Exercise objective: Given these entries, repeat exactly the lines starting with the one that has "J.CREWLACE APPLIQUÉ SWEATER" and going on through the one that has "Case study book, documents, magnifying", both included, but none of the pictures.

Data to examine:
________________________

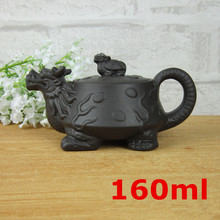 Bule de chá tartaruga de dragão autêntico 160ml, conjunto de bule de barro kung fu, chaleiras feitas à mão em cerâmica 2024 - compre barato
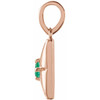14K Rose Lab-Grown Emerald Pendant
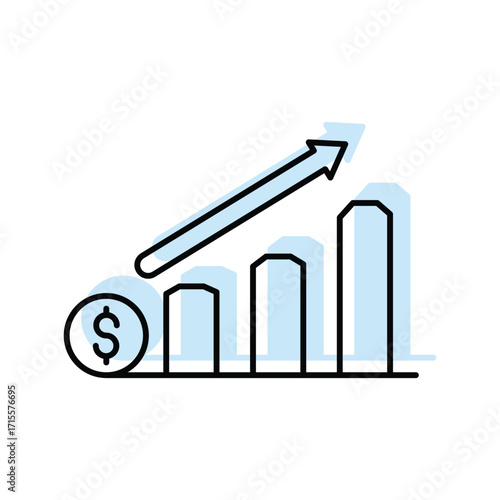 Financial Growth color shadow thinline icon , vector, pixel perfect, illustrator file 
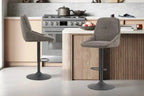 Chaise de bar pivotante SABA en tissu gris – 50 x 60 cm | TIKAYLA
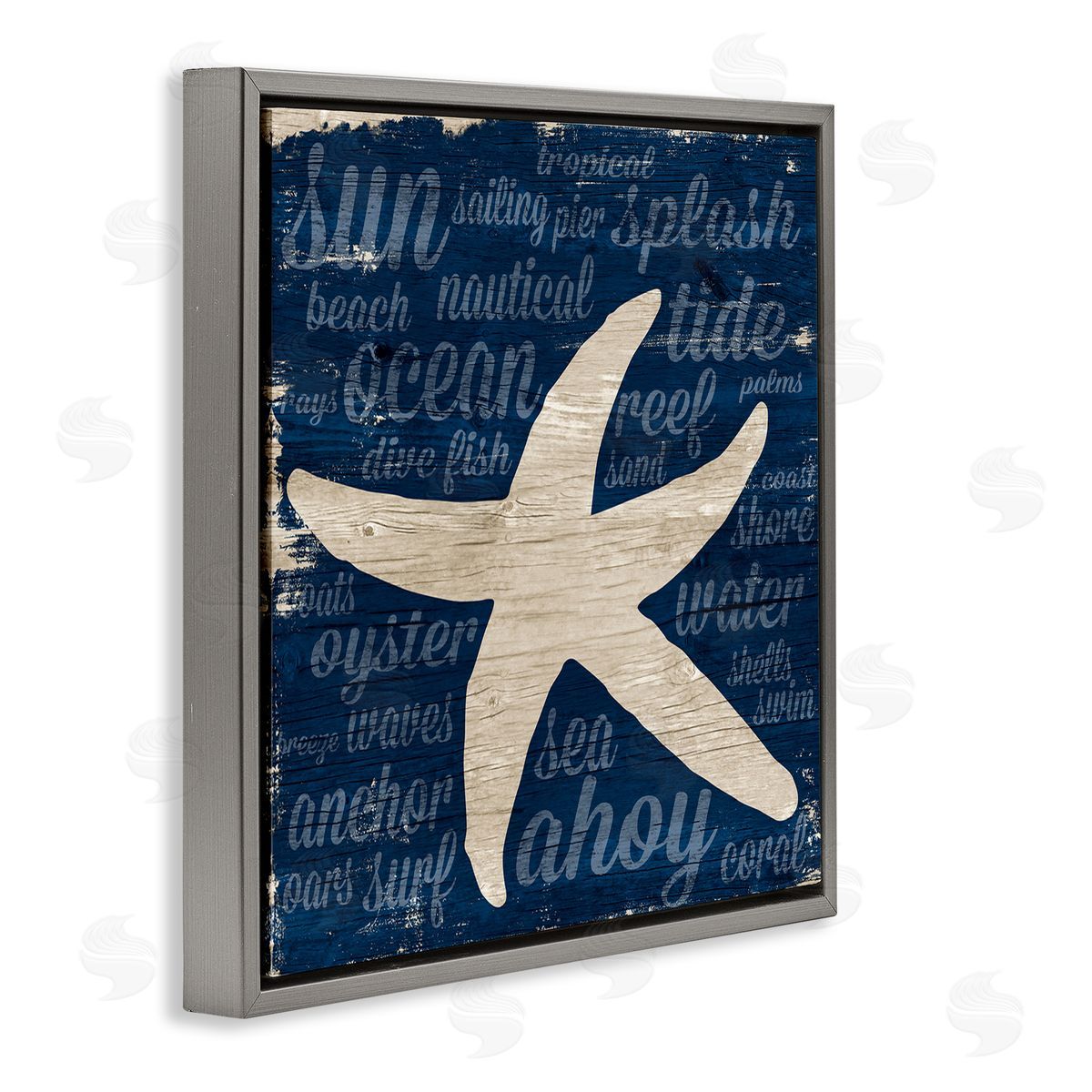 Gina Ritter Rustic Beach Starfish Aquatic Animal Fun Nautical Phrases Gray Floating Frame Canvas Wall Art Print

________________________

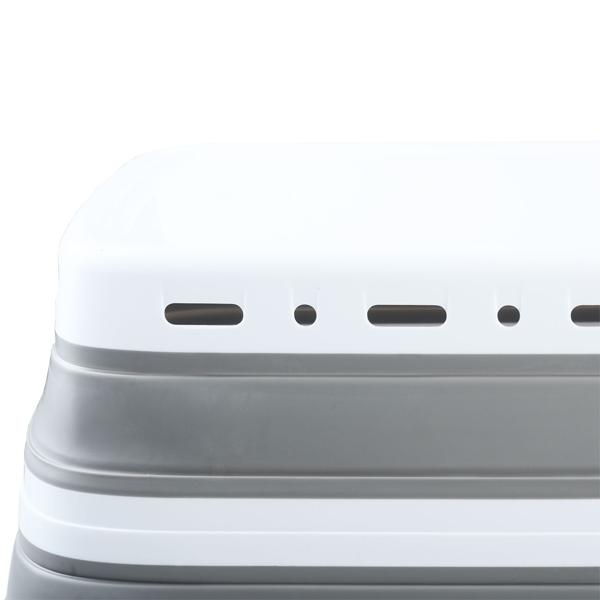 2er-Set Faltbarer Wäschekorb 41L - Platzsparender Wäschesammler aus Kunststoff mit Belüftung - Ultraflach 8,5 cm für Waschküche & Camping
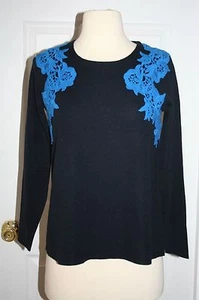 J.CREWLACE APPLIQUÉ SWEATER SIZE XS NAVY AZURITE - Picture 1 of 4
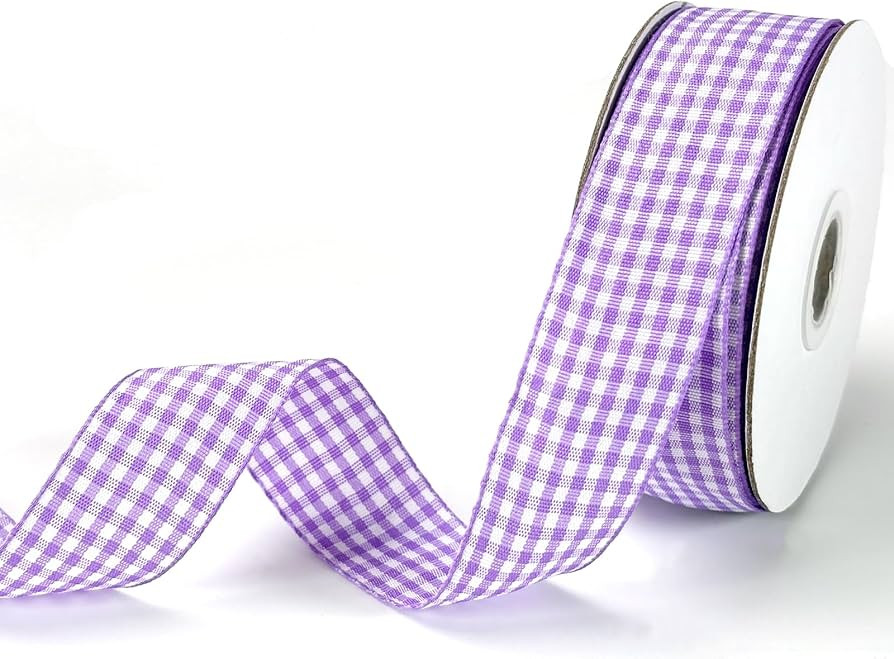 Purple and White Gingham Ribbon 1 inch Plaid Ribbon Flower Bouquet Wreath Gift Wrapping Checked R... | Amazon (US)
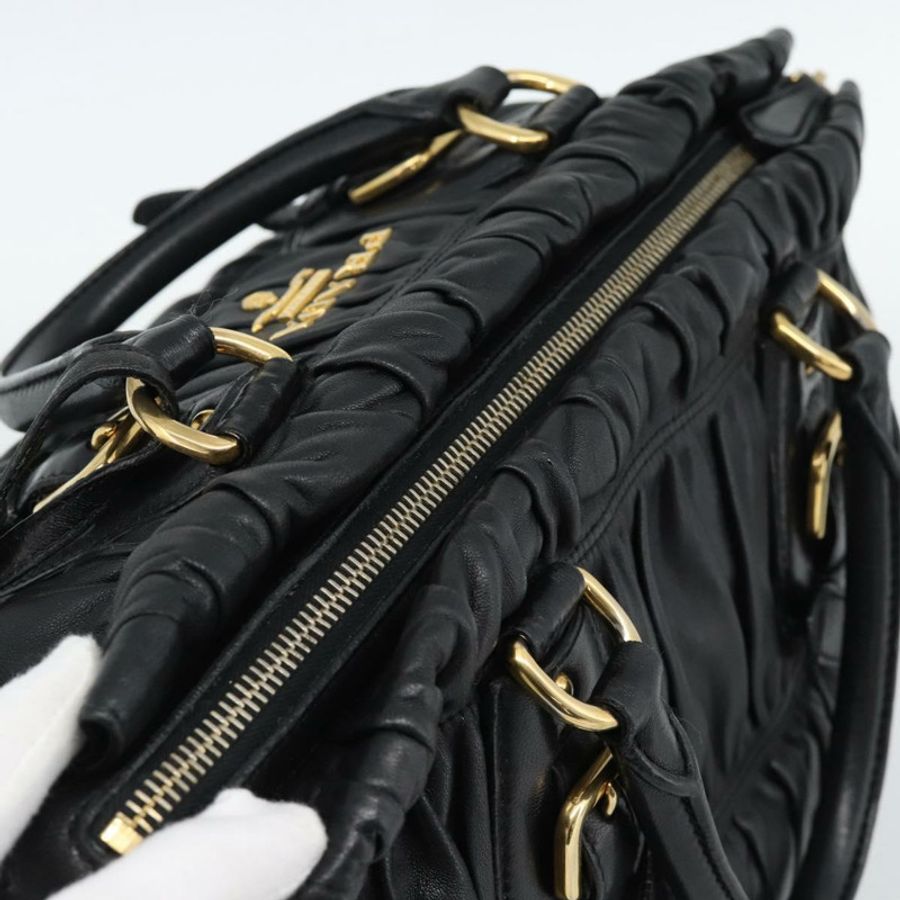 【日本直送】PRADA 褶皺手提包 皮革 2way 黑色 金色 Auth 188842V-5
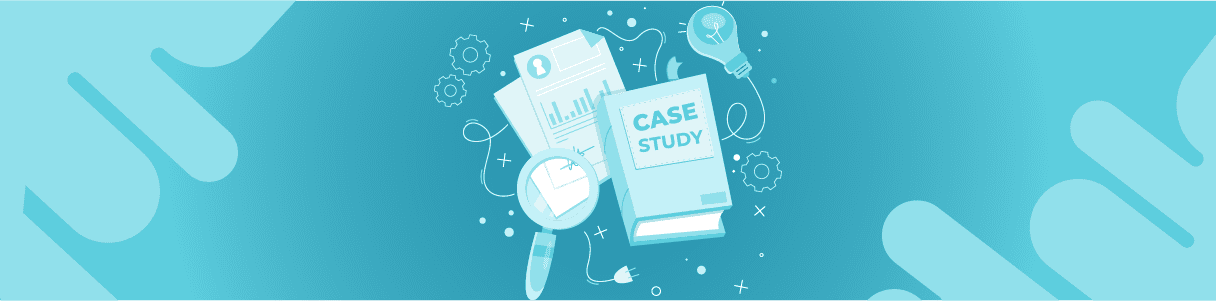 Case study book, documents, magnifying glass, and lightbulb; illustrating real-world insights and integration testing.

________________________

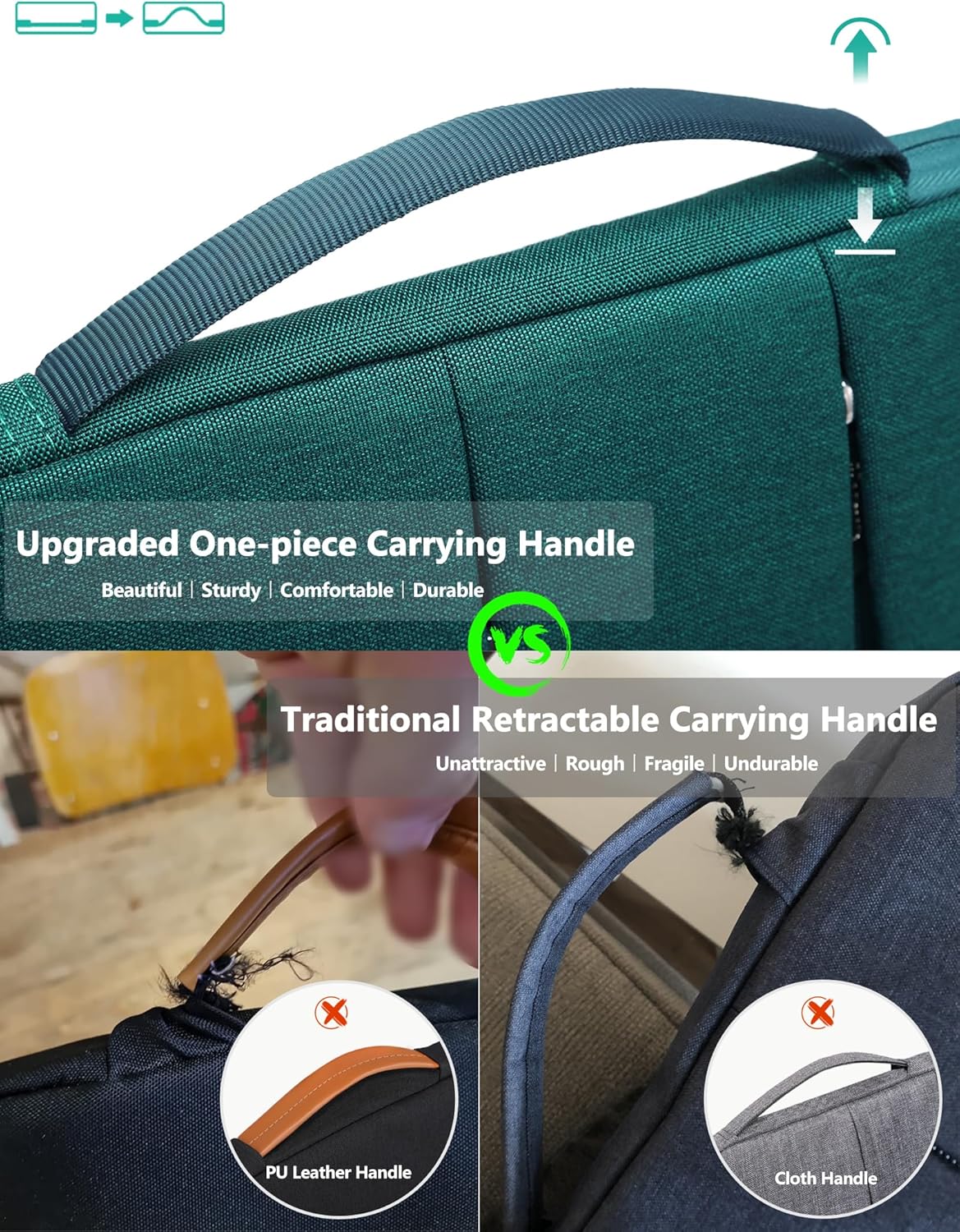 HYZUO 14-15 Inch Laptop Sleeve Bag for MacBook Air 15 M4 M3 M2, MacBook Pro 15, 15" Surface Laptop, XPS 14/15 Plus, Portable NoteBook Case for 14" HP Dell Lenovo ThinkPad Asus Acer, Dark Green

________________________

Exercise solution:
 J.CREWLACE APPLIQUÉ SWEATER SIZE XS NAVY AZURITE - Picture 1 of 4
 Purple and White Gingham Ribbon 1 inch Plaid Ribbon Flower Bouquet Wreath Gift Wrapping Checked R... | Amazon (US)
 【日本直送】PRADA 褶皺手提包 皮革 2way 黑色 金色 Auth 188842V-5
 Case study book, documents, magnifying glass, and lightbulb; illustrating real-world insights and integration testing.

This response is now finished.